━━━ GIVEN MATERIAL ━━━

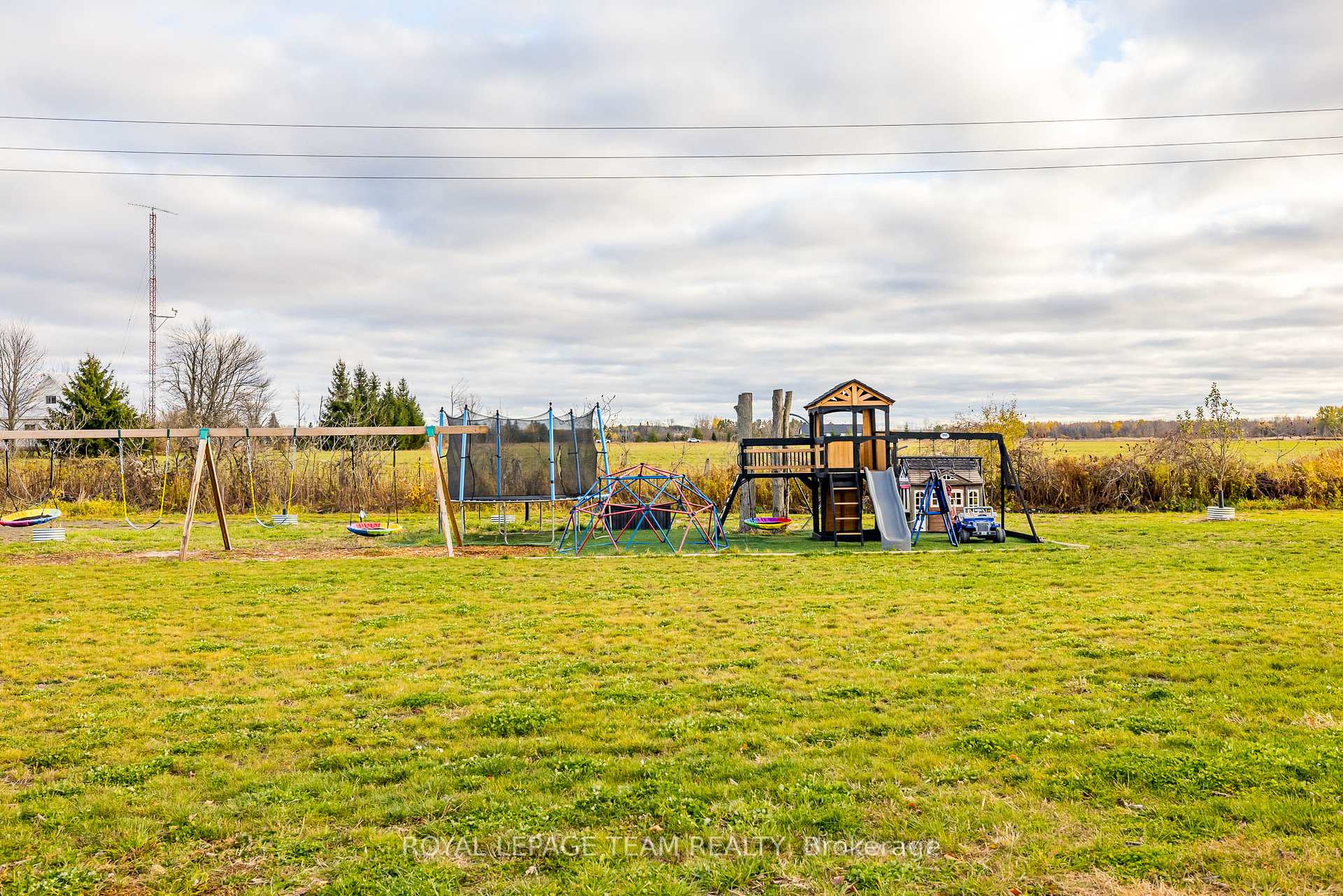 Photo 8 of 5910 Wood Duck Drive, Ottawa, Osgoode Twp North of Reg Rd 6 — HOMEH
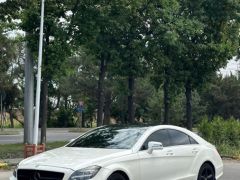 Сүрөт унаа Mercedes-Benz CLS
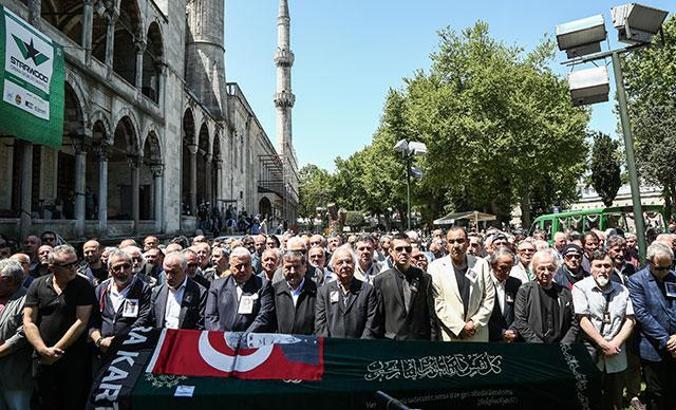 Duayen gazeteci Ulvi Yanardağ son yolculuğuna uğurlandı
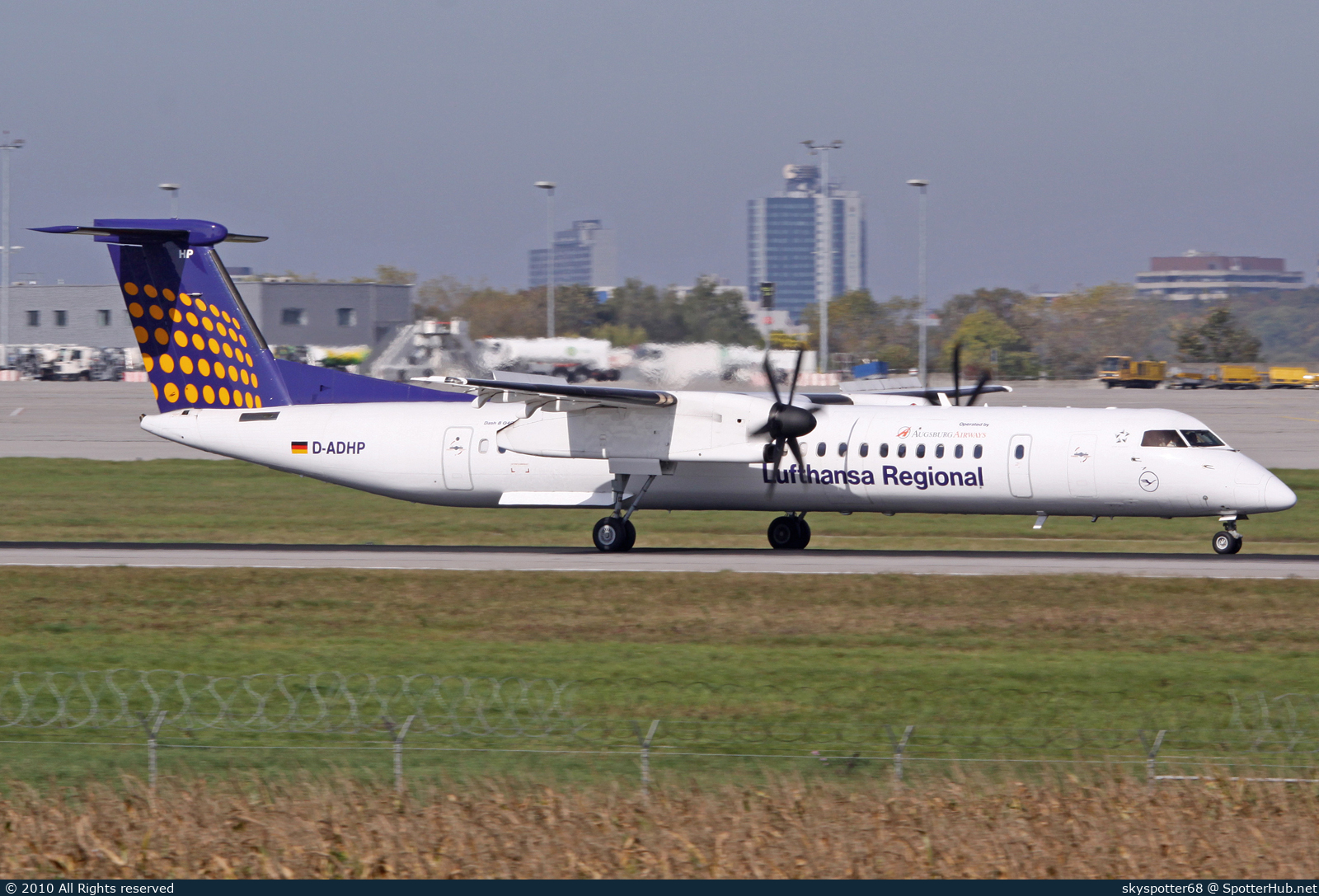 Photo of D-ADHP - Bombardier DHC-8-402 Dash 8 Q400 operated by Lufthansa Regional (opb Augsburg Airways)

━━━

== TASK INSTRUCTIONS ==
Recopy the full listing exactly, passing over any picture.

== SOLVED PROBLEM ==
 Photo 8 of 5910 Wood Duck Drive, Ottawa, Osgoode Twp North of Reg Rd 6 — HOMEH
 Сүрөт унаа Mercedes-Benz CLS
 Duayen gazeteci Ulvi Yanardağ son yolculuğuna uğurlandı
 Photo of D-ADHP - Bombardier DHC-8-402 Dash 8 Q400 operated by Lufthansa Regional (opb Augsburg Airways)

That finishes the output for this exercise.